In general, the Paris Agreement was signed by 195 nations in December 2015 who have pledged to try and keep the global warming below 2 degrees Celsius above pre-industrial levels, and pursuing efforts to limit it to 1.5 degrees.
Yet, Carbon Tracker highlights that no major oil company is investing to support its goals of keeping global warming “well below” 2˚C and to “pursue efforts” to limit it to a maximum of 1.5˚C.
Andrew Grant, Senior Analyst at Carbon Tracker and report author, commented that all the oil majors are investing in projects that are going against the Paris goals.
Investors should challenge companies’ spending on new fossil fuel production.
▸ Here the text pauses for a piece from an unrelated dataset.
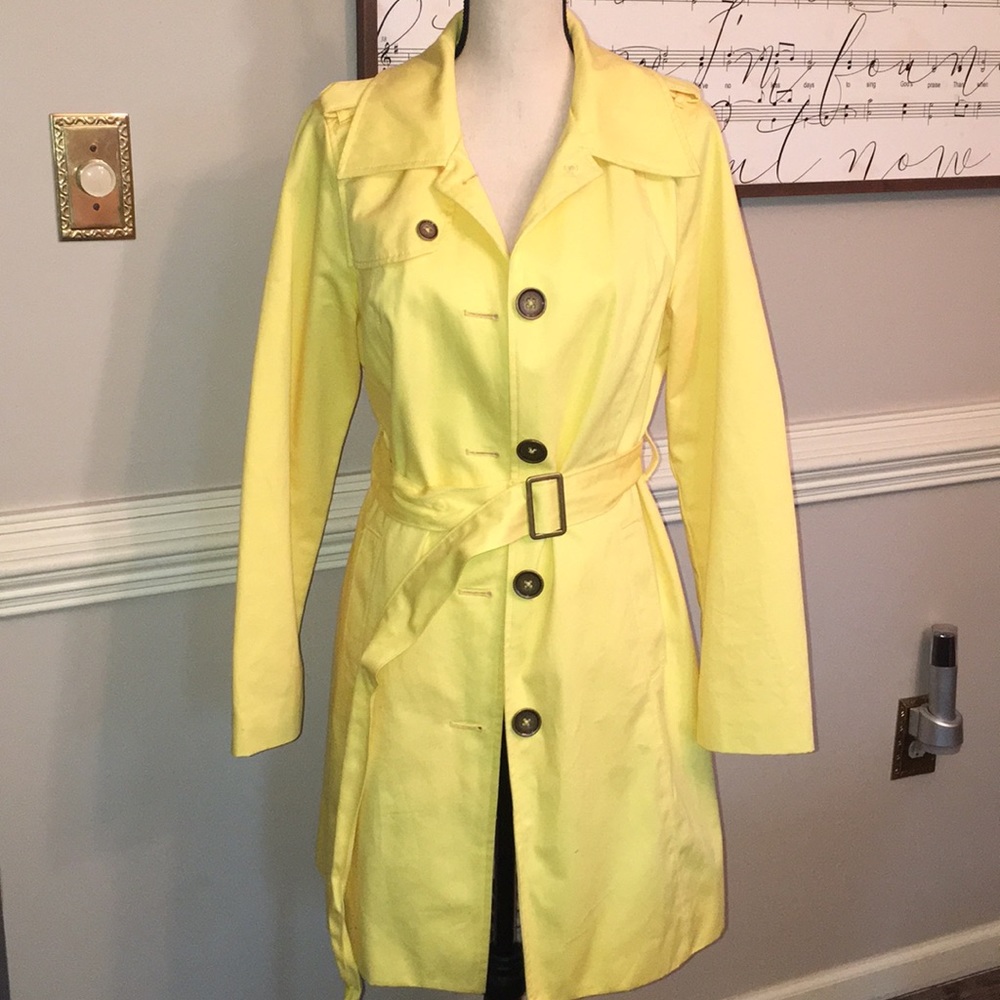 Merona Canary Yellow Canvas Trench Coat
The best way to both preserve shareholder value in the transition and align with climate change goals will be to focus on low-cost projects that will deliver the highest returns.
Compared to the IEA’s central scenario (which incorporates the Paris INDCs, but is associated with 2.7ºC warming), 2019-2030 capex on new oil projects is 83% lower in a 1.6ºC scenario and 60% lower in a 1.7-1.8ºC scenario.
Also, in 2018 all of the major oil companies sanctioned projects that fall outside a “well below 2 degrees” budget on cost grounds, such as Shell’s $13bn LNG Canada project and BP, Total, ExxonMobil and Equinor’s Zinia 2 project in Angola.
We highlight $50bn of recently sanctioned projects across the oil and gas industry that fail the Paris alignment test by a margin.
Moving in 2019, the report states that oil majors have a number of projects waiting for approval which are not in line with the Paris agreement; For instance, Total’s assets in Uganda, and various projects in Brazil. Also, US shale specialists have portfolios entirely out of the budget.